#### [EXERCISE]
Once you reach the line with "CTM TAC Ruger" in the material below, copy each line exactly up to and including the line with "Stoneline 25th Anniversary", and skip the pictures.

#### [ENTRIES SHOWN]
|---|

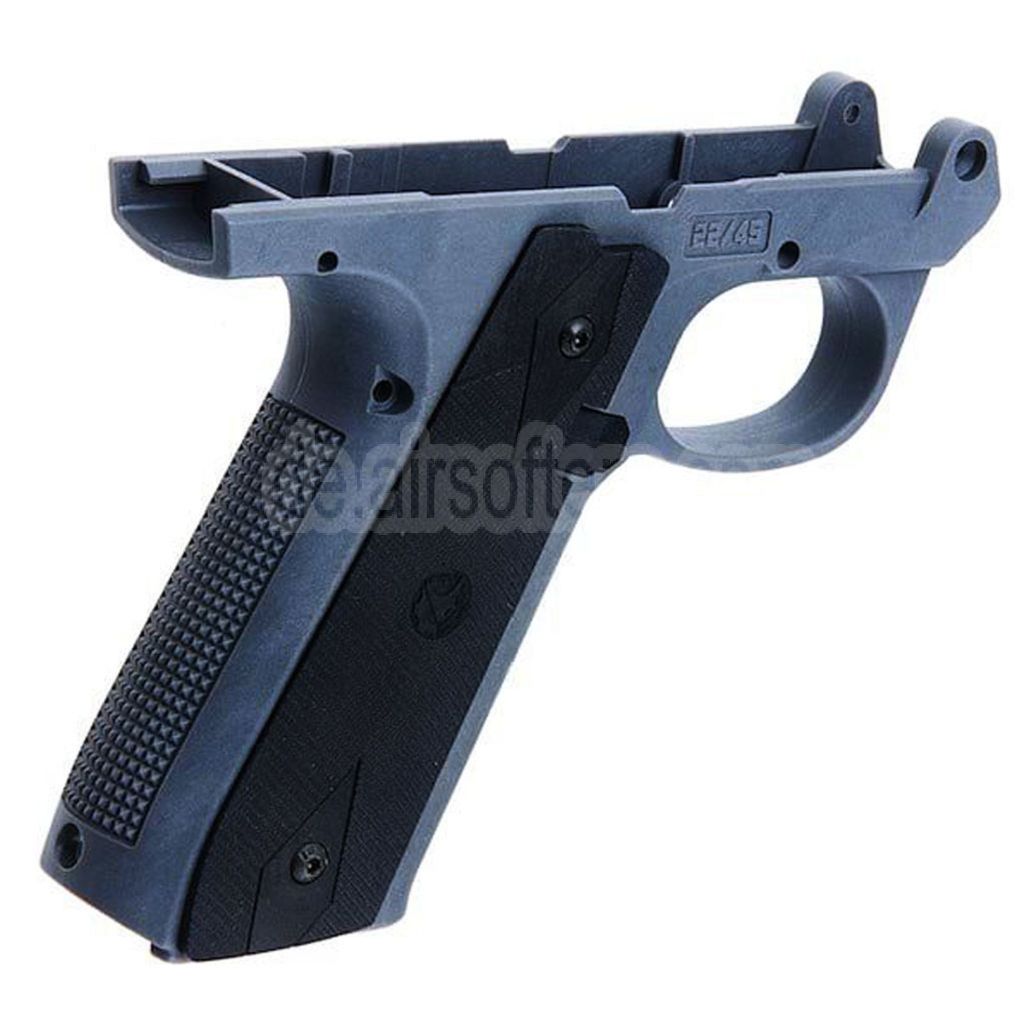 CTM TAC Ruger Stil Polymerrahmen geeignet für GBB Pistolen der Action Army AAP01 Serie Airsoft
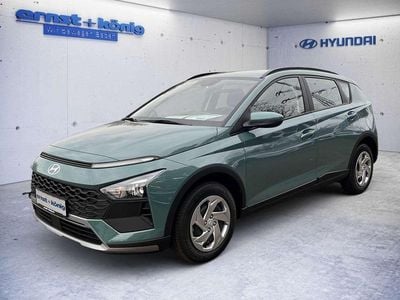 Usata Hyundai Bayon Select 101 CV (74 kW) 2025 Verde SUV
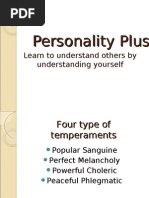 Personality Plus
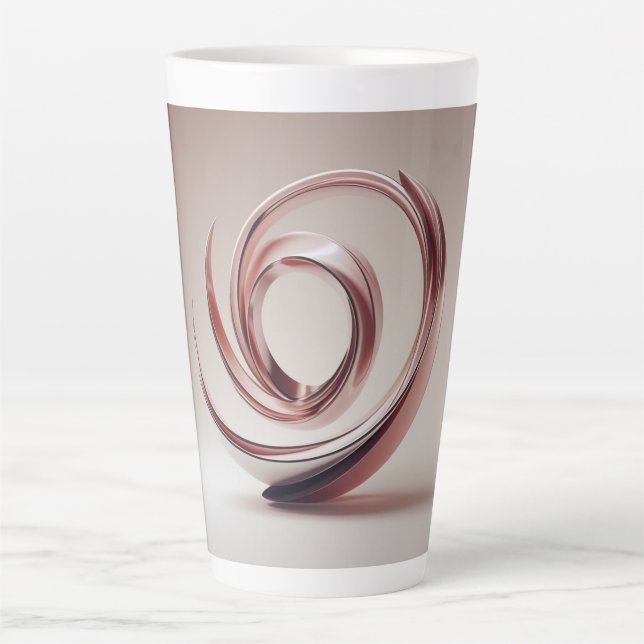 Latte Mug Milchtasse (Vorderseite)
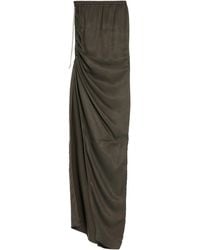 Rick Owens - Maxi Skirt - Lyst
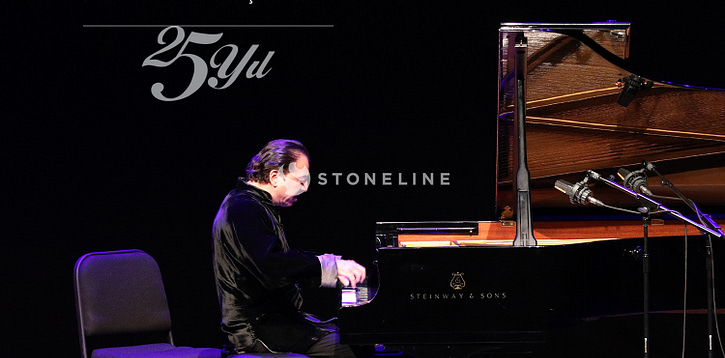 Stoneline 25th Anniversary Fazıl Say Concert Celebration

|---|

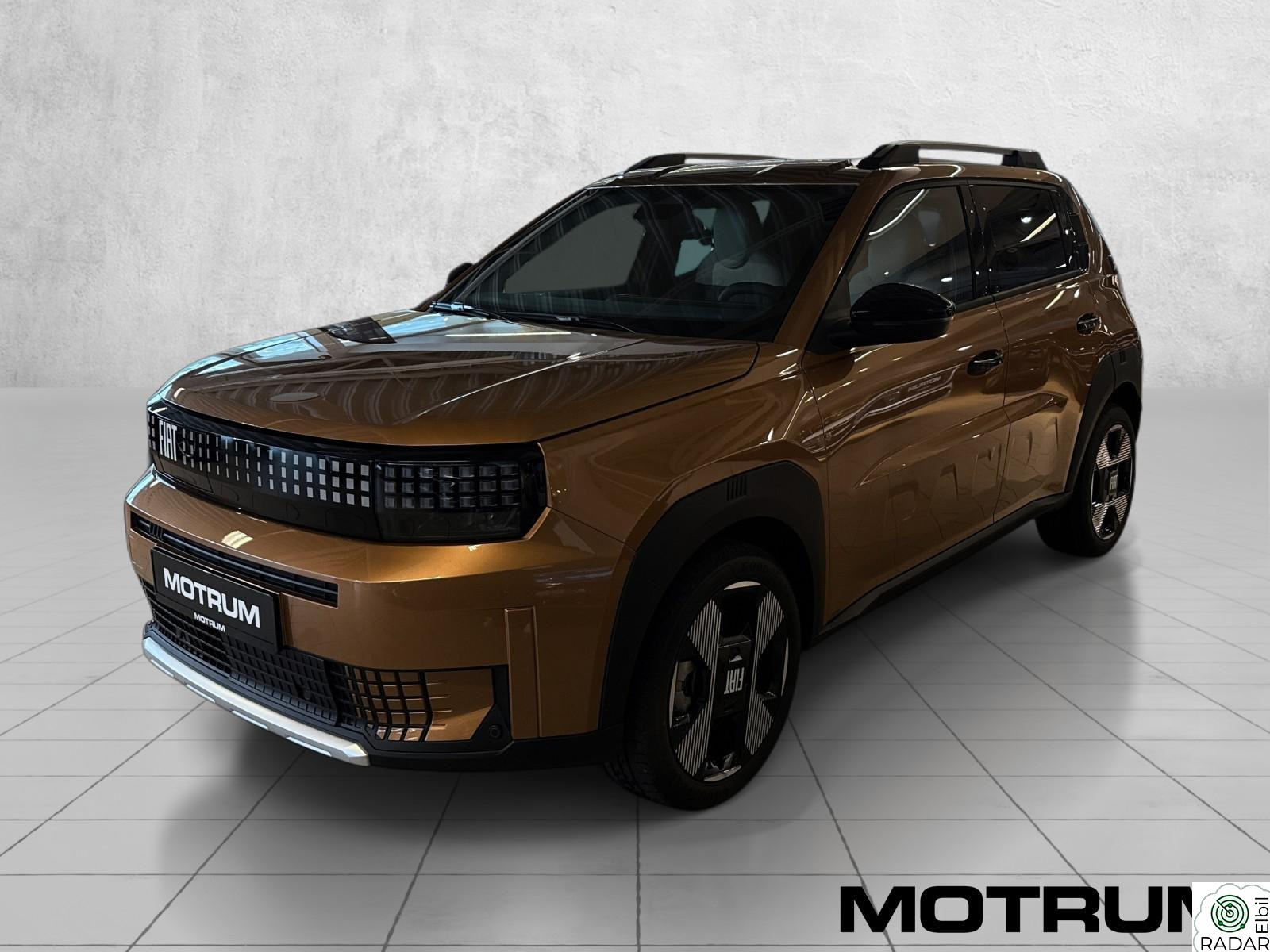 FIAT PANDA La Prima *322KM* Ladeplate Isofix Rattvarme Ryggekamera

|---|

#### [OUTPUT FOR THIS TASK]
 CTM TAC Ruger Stil Polymerrahmen geeignet für GBB Pistolen der Action Army AAP01 Serie Airsoft
 Usata Hyundai Bayon Select 101 CV (74 kW) 2025 Verde SUV
 Personality Plus
 Latte Mug Milchtasse (Vorderseite)
 Rick Owens - Maxi Skirt - Lyst
 Stoneline 25th Anniversary Fazıl Say Concert Celebration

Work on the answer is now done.